In reply to by Aaron Turpen

I was not talking about a warranty, I was talking about the life span of the battery, and the issue of battery capacity fade... Lol you have negative energy on speed dial....

But since you brought it up, 8 years is already amazing, but Gm has stated that it is going to up the warranty to 10 years 150,000 in mid 2012... Which is beyond amazing considering that most old tech cars have a warranty of only half that.

I think only a few car companies ( including offerings from Kia and Hyundai ) are going to try and match this ... We will see if GM refocus on quality lives upto it's hype.

Aaron Turpen    March 17, 2012 - 1:13AM

In reply to by Mark (not verified)

Energy derives from both the plus and negative. (to quote Metallica)

I pointed out a flaw in your statement that "EVs have batteries good for 10 years." If they did, manufacturers would warranty them as such. They don't. Promises that they might are just that. Just because a company's PR arm says it doesn't mean it's to be.

Rob (not verified)    March 17, 2012 - 1:36AM

In reply to by Aaron Turpen

No one warranties products for their expected lifespan you always warranty them for 20-30% less than the predicted lifespan otherwise you end up replacing near 50% of the products under warranty because failure will be normally distributed around an average. Just like PR claims warranties are a business concept not a technical one, I see no reason why you would so readily dismiss PR claims but place so much emphasis on warranties.

Aaron Turpen    March 17, 2012 - 2:57AM

In reply to by Rob (not verified)

Your statement: "No one warranties products for their expected lifespan you always warranty them for 20-30% less than the predicted lifespan otherwise you end up replacing near 50% of the products under warranty"

Which says that half of the batteries will not reach their "expected lifespan." Thus proving my point, which is that batteries are not warranted for 10 years because THAT IS NOT THEIR EXPECTED LIFESPAN.

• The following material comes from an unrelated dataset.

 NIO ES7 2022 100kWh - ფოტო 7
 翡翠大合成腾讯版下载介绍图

Rob (not verified)    March 17, 2012 - 4:15AM

In reply to by Aaron Turpen

Completely missed the point. What I said is, so companies don't have to replace excessive products under warranty they set the warranty period 20-30% Below the expected lifespan to provide a buffer, therefore the fact that that they have warrantied the batteries for 8 years suggests they expect the lifespan is 20-30% higher ie about 10 years.

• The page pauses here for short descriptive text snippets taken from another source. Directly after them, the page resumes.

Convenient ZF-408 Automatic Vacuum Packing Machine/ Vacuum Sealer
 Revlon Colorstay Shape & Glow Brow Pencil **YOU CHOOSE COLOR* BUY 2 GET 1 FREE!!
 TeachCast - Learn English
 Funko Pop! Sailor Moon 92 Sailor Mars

Aaron Turpen    March 17, 2012 - 4:26AM

In reply to by Rob (not verified)

I didn't miss your point, I just saw that you refuted it with your own statement that was meant to prove it. If half the batteries will not be expected to make their "expected lifespan", then that cannot be their expected lifespan.

All you've proven is that you believe that warranties are 20-30% less than the expected lifespan, but your own statement says that this cannot be the case because they lower the warranty age by 20-30% in order to provide a buffer so they won't have to replace half the products covered.

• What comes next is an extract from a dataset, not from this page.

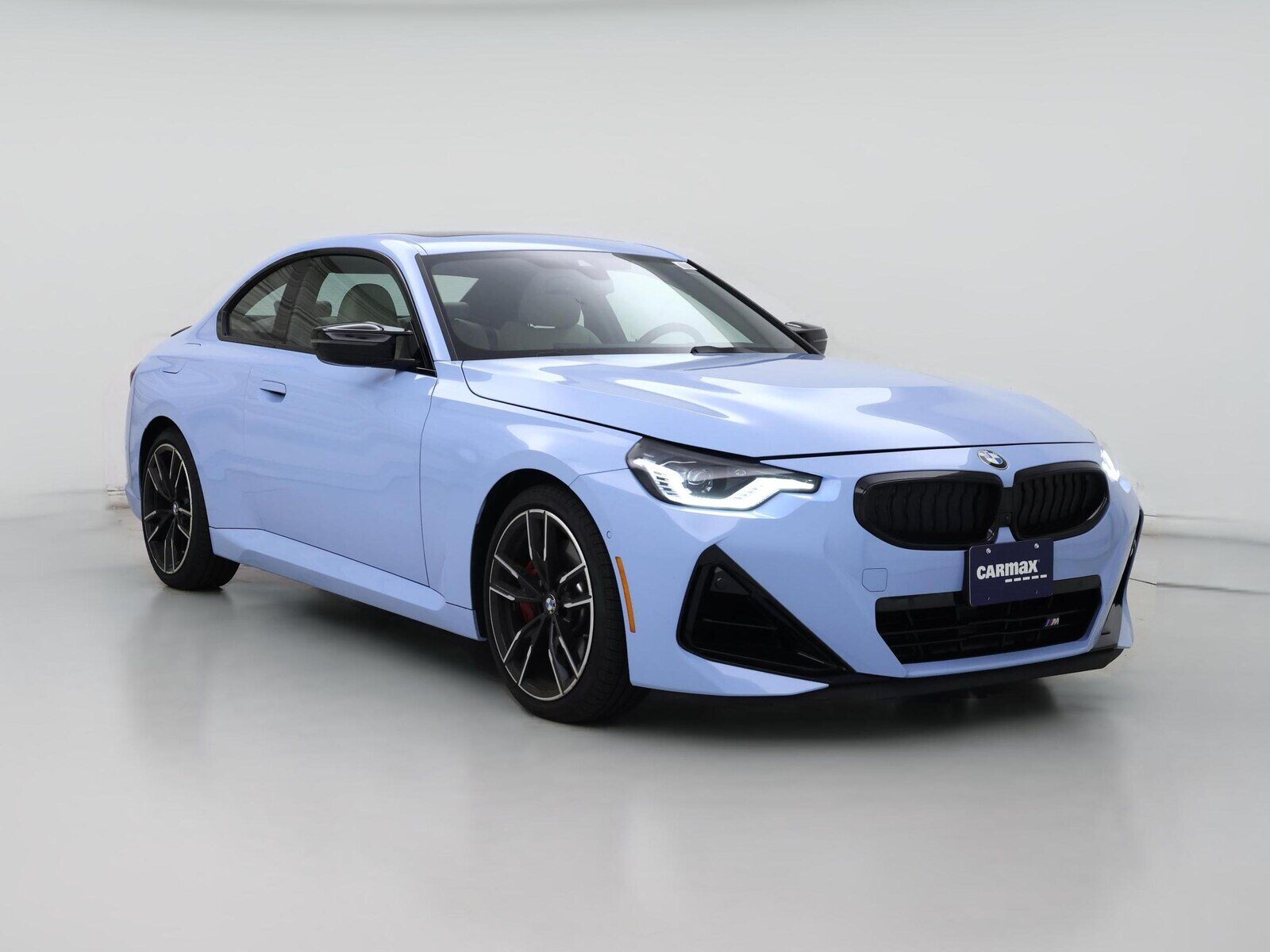2025 BMW M2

So... by your logic, they expect batteries to fail under warranty, so they lower the duration of the warranty so they can add an additional 20-30% of the batteries not failing under warranty, thus beating the halfway point and padding themselves enough that only 20-30% of those batteries will likely fail instead. Somehow, that's construed to mean that the manufacturer gives an life expectancy to the batteries of 10 years, despite the obvious: if 50% of the batteries are going to fail at 10 years, it's hardly conceivable to call that their "expected lifespan."

You wouldn't happen to be running for office or working on Wall Street, would you?